MEME-ChIP is designed to make running MEME and DREME (as well as Tomtom and CentriMo) on ChIP-seq data easy. All you have to do is provide it with a set of sequences which are all the same length (between 300bp and 500bp) which are centered on the ChIP-seq peaks and it will do the rest.

GC bias for MEME or DREME:

MEME adjusts for the biases in letters and groups of letters using the background model that you provide. A 1-order model (made using fasta-get-markov) adjusts for dimer biases (like GC).

DREME does not use a background model, and normalization depends on the control dataset it is provide with.

MEME-ChIP uses fasta-shuffle-letters with -kmer 2, preserving dimer frequencies. You could try manually creating a -kmer 3 (or higher) set of shuffled sequences, and rerunning DREME with them. Refer to the "Program Information" section of your MEME-ChIP output to see how you would do this.

Tips for using MEME with ChIP-seq data: Ref

When there are 1000s of peaks, MEME can find the main motif easily in just a subsample of the peaks. There is not much to be gained by including more than 1000 peaks, and MEME run time will increase greatly.

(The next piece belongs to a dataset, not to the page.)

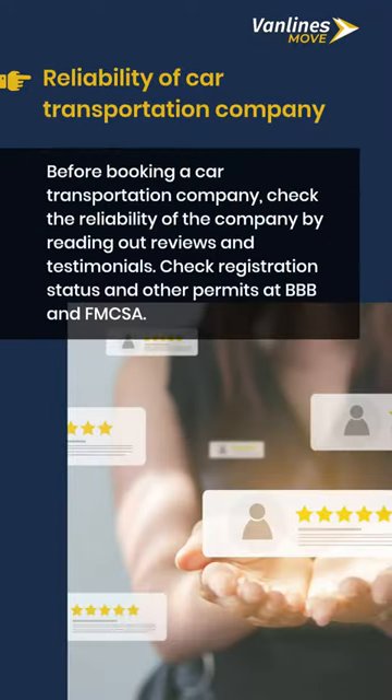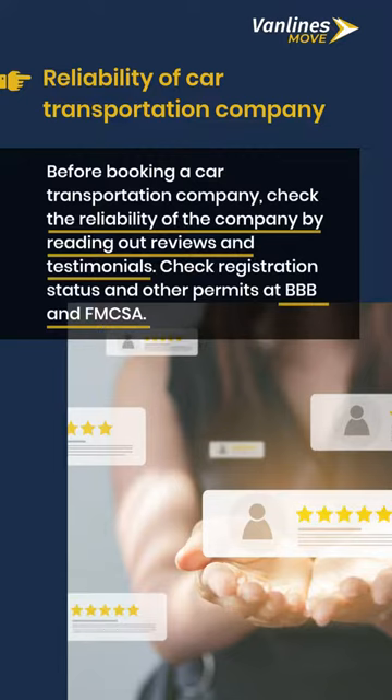Reliability of car transportation company: before booking a car transportation company, check the reliability of the company by reading reviews and testimonials. Check registration status and other permits at BBB and FMCSA.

As of MEME release 4.4.0 patch 1 the MEME distribution contains a perl script called fasta-subsample. This perl script lets you select the number of sequences you want in your new file. Keep the number of sequences under 1000 for reasonable MEME run times. Also, if the total length of sequences is 100,000 expect run times of about 20 minutes per motif (DNA, -revcomp, ZOOPS).

A typical use would be:

fasta-subsample all_chip_seqs.fasta 500 -rest cv.fasta -seed 1 > meme.fasta

The ZOOPS model with the -revcomp switch is usually the best choice for running MEME on ChIP-seq data. The following command has worked well for us with ChIP-seq peak sequences:

meme meme.fasta -dna -revcomp -minw 5 -maxw 20

Comparison

If you have an existing motif (ie from MEME, DREME or maybe a consensus sequence) and want to find other similar motifs then you should use Tomtom. Tomtom can take in a file of query motifs and compare them to multiple files containing potentially similar motifs. Unless you have hundreds of motifs to search then I recommend you use the website version as it can automatically create MEME style motifs to search with from consensus sequences (allowing for IUPAC codes) or frequency/count matrices.

Sequence Search

If you have a motif that you want to find in a set of sequences then you should use FIMO. Note that you can't just scan a genome with a motif an expect that all sites you find are biologically active, because for most part chance matches will swamp the biologically relevant matches. This is a well known problem in searching for motifs, jokingly called "The Futility Theorem" ( Wasserman WW, Sandelin A. Applied bioinformatics for the identification of regulatory elements. Nat Rev Genet 2004;5:276-87.). Basically you will need to combine the motif with other sources of information.